The Negro Theatre Workshop (NTW) was set up in London, England, in 1961, becoming one of the first Black British theatre companies. It aimed to produce dramas, revues and musicals, giving writers a chance to see their work performed as well as creating opportunities for black artists and technicians to gain experience, so as to develop and improve standards in every branch of theatre. As noted by Professor Colin Chambers, "The company emphasised inclusivity in its repertoire and ethos."

Instrumental in establishing the NTW was Pearl Connor, who was Administrator and Honorary Secretary, with other founding members including Edric Connor, Lloyd Reckord, Bari Johnson, Horace James, George Brown, Bobby Naidoo, Nina Baden-Semper, Tony Cyrus and Ena Cabayo.

==Background==
The George Padmore Institute holds archive material related to the NWT, with the description: "As an ensemble of professional and amateur actors, directors and writers, the NTW performed original works in community centres, town halls, churches and cathedrals up and down the country as well as representing the United Kingdom at the First World Festival of Negro Arts in Dakar (Senegal)." Links were forged between the NTW and a range of organisations, individuals and movements, among them the Movement for Colonial Freedom, War on Want, the West Indian Standing Conference, The Church Army, and the Council for British African Relations. In addition, the NTW boasted "an impressive list of Patrons including the Archbishop of Canterbury, Joan Littlewood, Sir Laurence Olivier and Sir Learie Constantine, and the Board of Trustees were the Earl of Listowel, Andrew Salkey, Christian Simpson and David Pitt and the NTW was supported by major figures in show business such as Sidney Poitier, Spike Milligan and Tony Richardson."

Although the NTW could never afford its own base, it rehearsed free of charge at the Africa Centre, and held classes and produced plays in churches, town halls and community centres, as well as theatres.

==Productions==
In late 1961, a production of A Wreath for Udomo (a dramatization by William Branch of the Peter Abrahams 1956 novel of the same name) previewed at the Lyric, Hammersmith, to launch the NTW, featuring Earl Cameron and Edric Connor. "Unfortunately, Edric collapsed during the next performance on the official opening night, and the understudy was not ready to go on. Pearl [Connor] had difficulty getting the money the NTW was owed from the show's producers, and the trauma left the company in disarray. It was not until 1964 that the NTW mounted its first own production, Bethlehem Blues, which was followed by two more biblical shows, The Dark Disciples, which was adapted for BBC TV, and The Prodigal Son." In 1965 the company staged a production of Wole Soyinka's The Road at the Theatre Royal, Stratford East, for the Commonwealth Arts Festival.

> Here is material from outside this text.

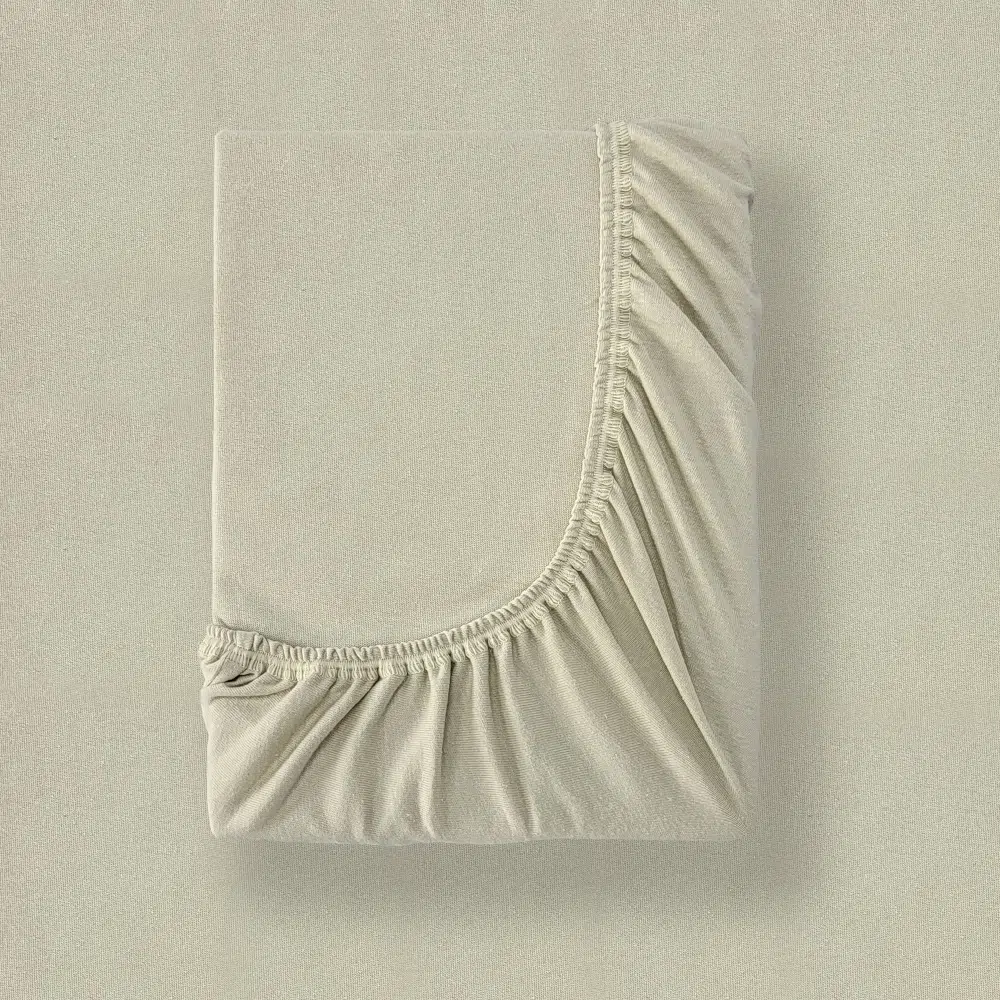 Prześcieradło Jersey Bawełna Kaszmir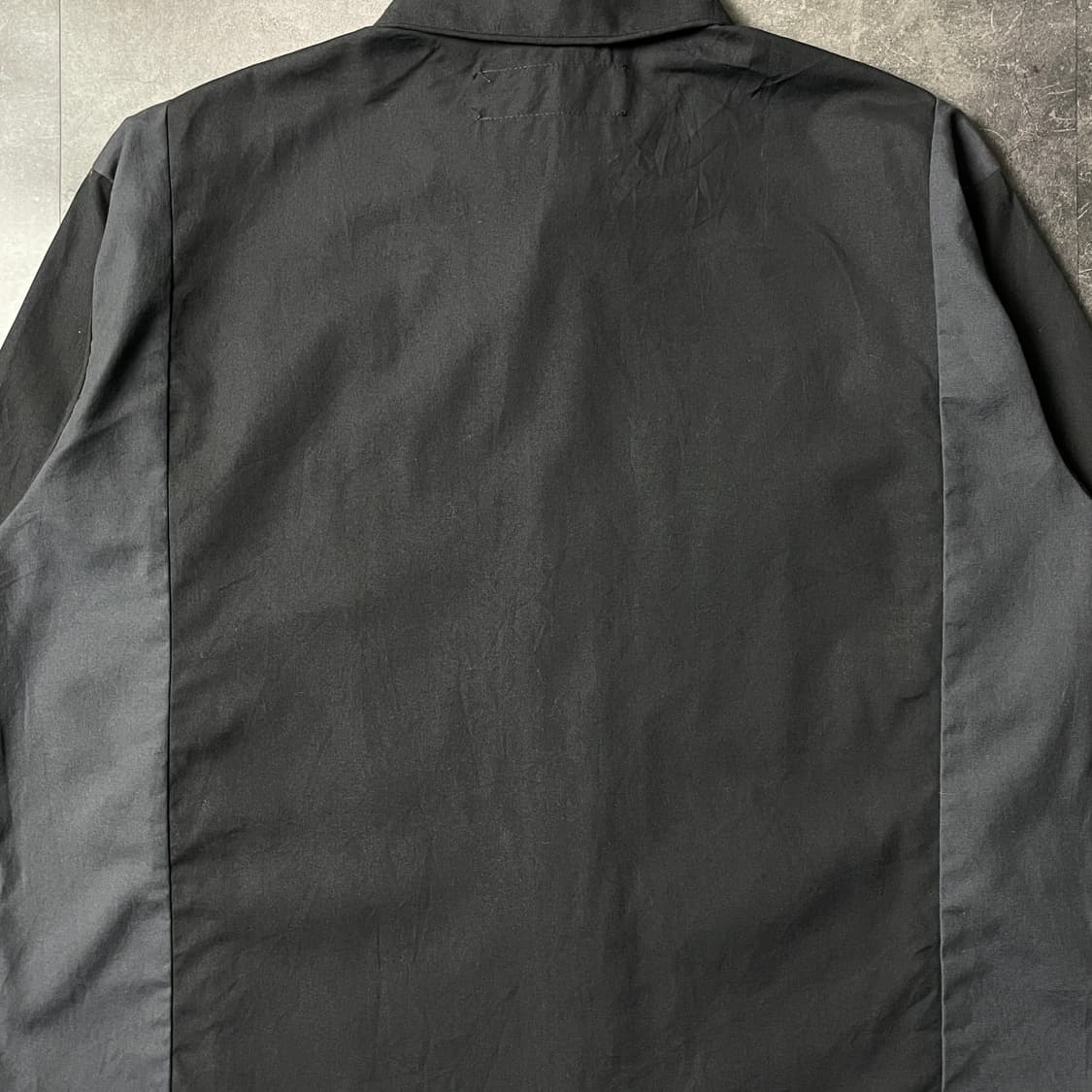 DICKIES 디키즈 빈티지 블랙 그레이패널 워크 셔츠 A00862 상품이미지7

In 1966, at the first World Festival of Negro Arts in Dakar, Senegal, The Dark Disciples was the production with which the NTW was invited to represent Britain (along with the Pan African Players, another British group, led by Yulisa Amadu Pat Maddy, which performed its only show, Obi Egbuna's Wind versus Polygamy). According to Chambers: "That year, the NTW also received an Arts Council grant of £300, probably the first awarded to a black theatre company, and produced Henry A Zeiger's Mr Hubert, an American play about a Harlem Everyman figure with a cast of more than thirty. As it toured the country, the NTW added to its repertoire plays by Walcott, Hill and Chekhov (adapted to the Caribbean), and programmes of poetry, song, dance and music. By the time of Edric Connor's death in 1968, funding for a base had not been found, and the company had ceased to be active."

The NTW additionally contributed to the development of black film in Britain by co-producing and distributing titles such as Edric Connor's Carnival Fantastique (1960), Trevor Rhone's Smile Orange and Horace Ové's Pressure (1976).